BEGIN EXTRACTED ENTRIES

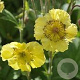 Geum 'Lisanne' GM P9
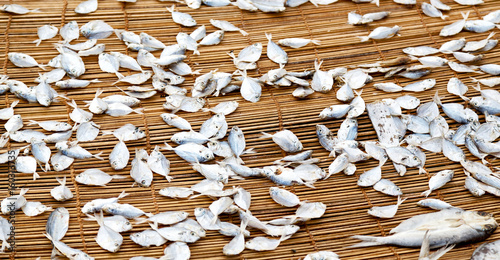  lots of fish salted and dry preparation for the market photo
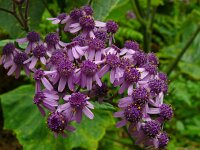 Pericallis papyracea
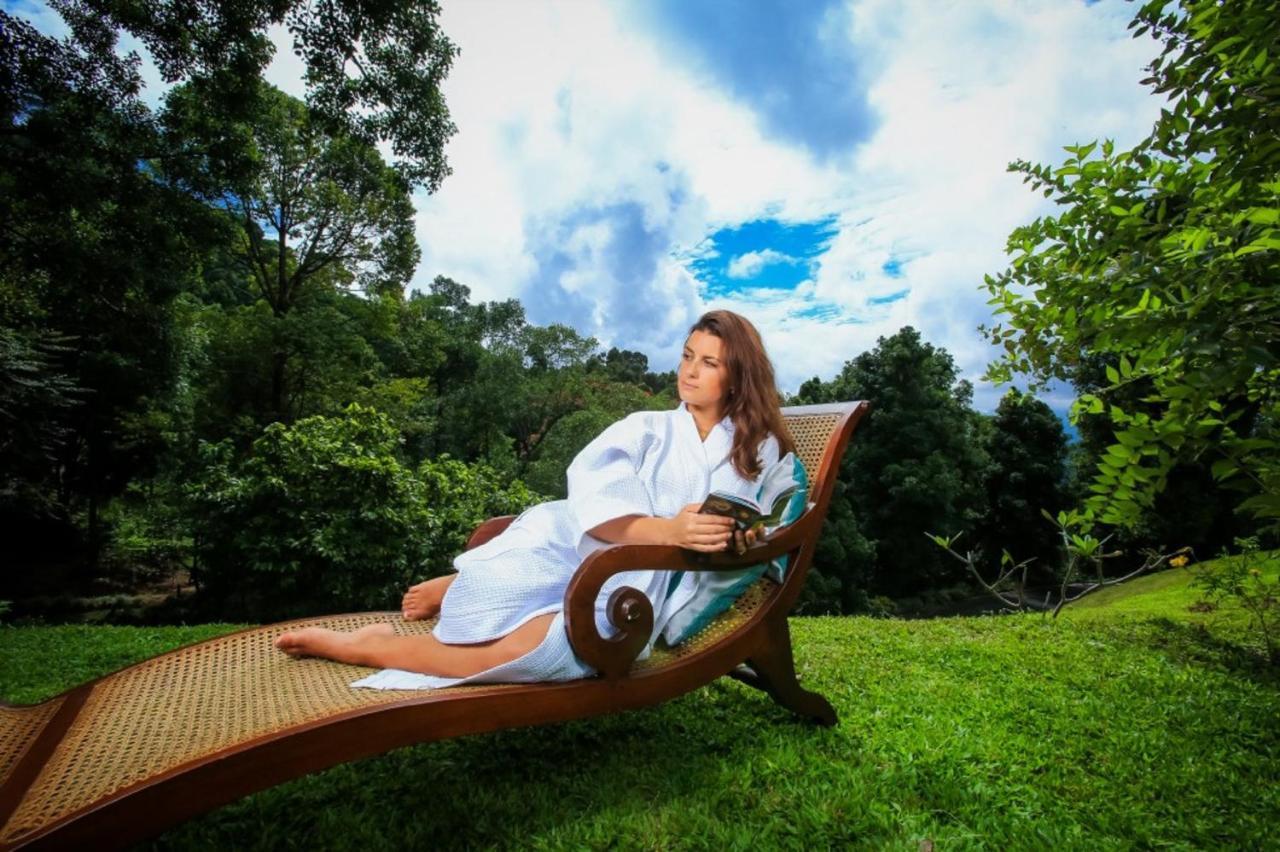 Simpson'S Forest - Luxury Boutique Resort & Spa - Kandy Eksteriør billede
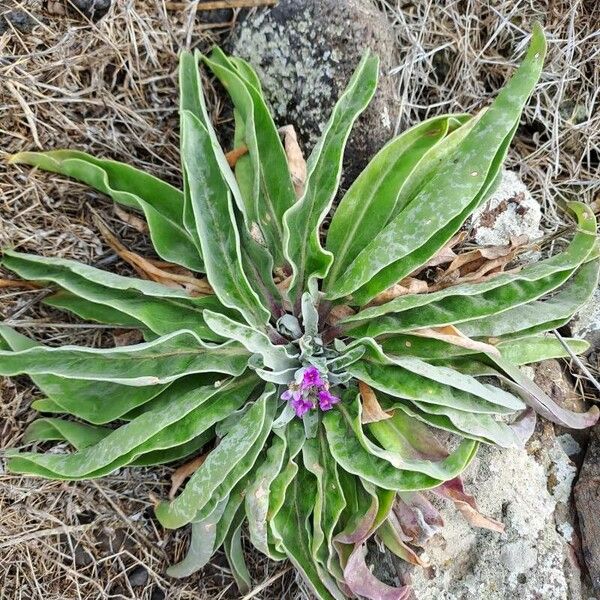 Matthiola maderensis 葉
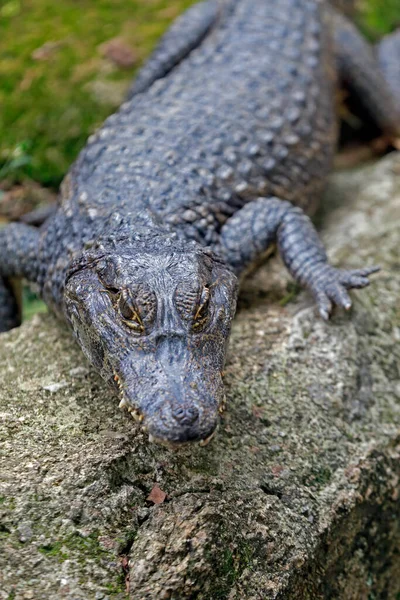 Alligator Jacare Portuguese Sunbathing Pantanal Region Brazil — Stok fotoğraf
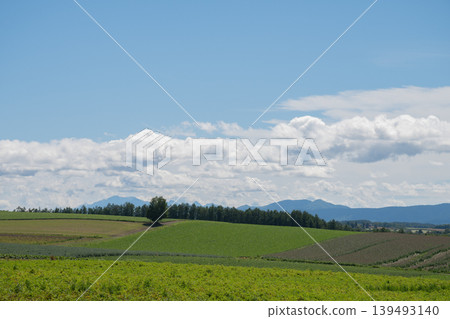 夏天的綠色高地和藍天 夏天的綠色高地和藍天 139493140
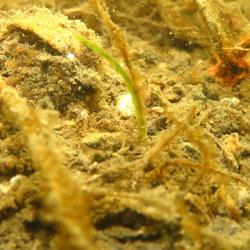 11/28に植付をした「アマモ」の種から小さな芽がでてきました！の写真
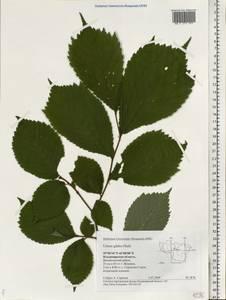 Ulmus glabra, Eastern Europe, Central region (E4) (Russia)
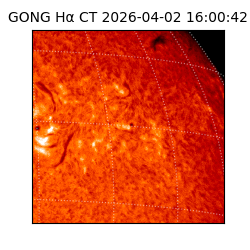 gong - 2026-04-02T16:00:42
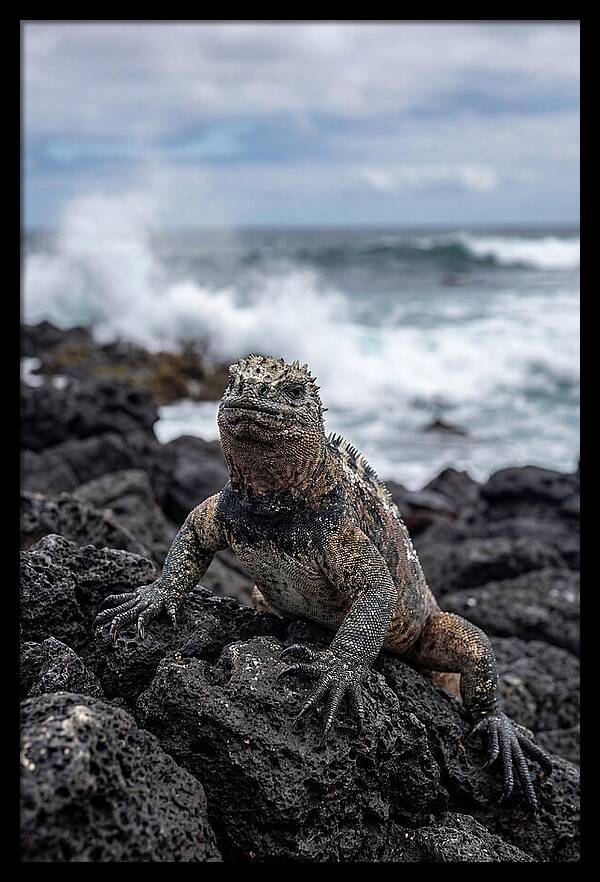 Marine Iguana On Rocky Shore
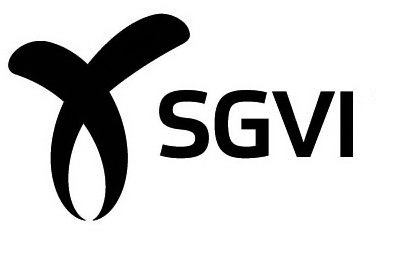Trademark Logo X SGVI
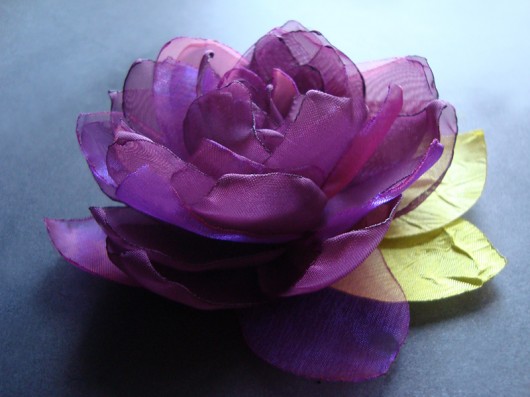 ŚLIWKA WĘGIERKA SundayRose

END EXTRACTED ENTRIES

Going from the line holding "Matthiola maderensis 葉" to the last line of the data above, reproduce every line exactly, both included, with the pictures omitted.

 Matthiola maderensis 葉
 Alligator Jacare Portuguese Sunbathing Pantanal Region Brazil — Stok fotoğraf
 夏天的綠色高地和藍天 夏天的綠色高地和藍天 139493140
 11/28に植付をした「アマモ」の種から小さな芽がでてきました！の写真
 Ulmus glabra, Eastern Europe, Central region (E4) (Russia)
 gong - 2026-04-02T16:00:42
 Marine Iguana On Rocky Shore
Trademark Logo X SGVI
 ŚLIWKA WĘGIERKA SundayRose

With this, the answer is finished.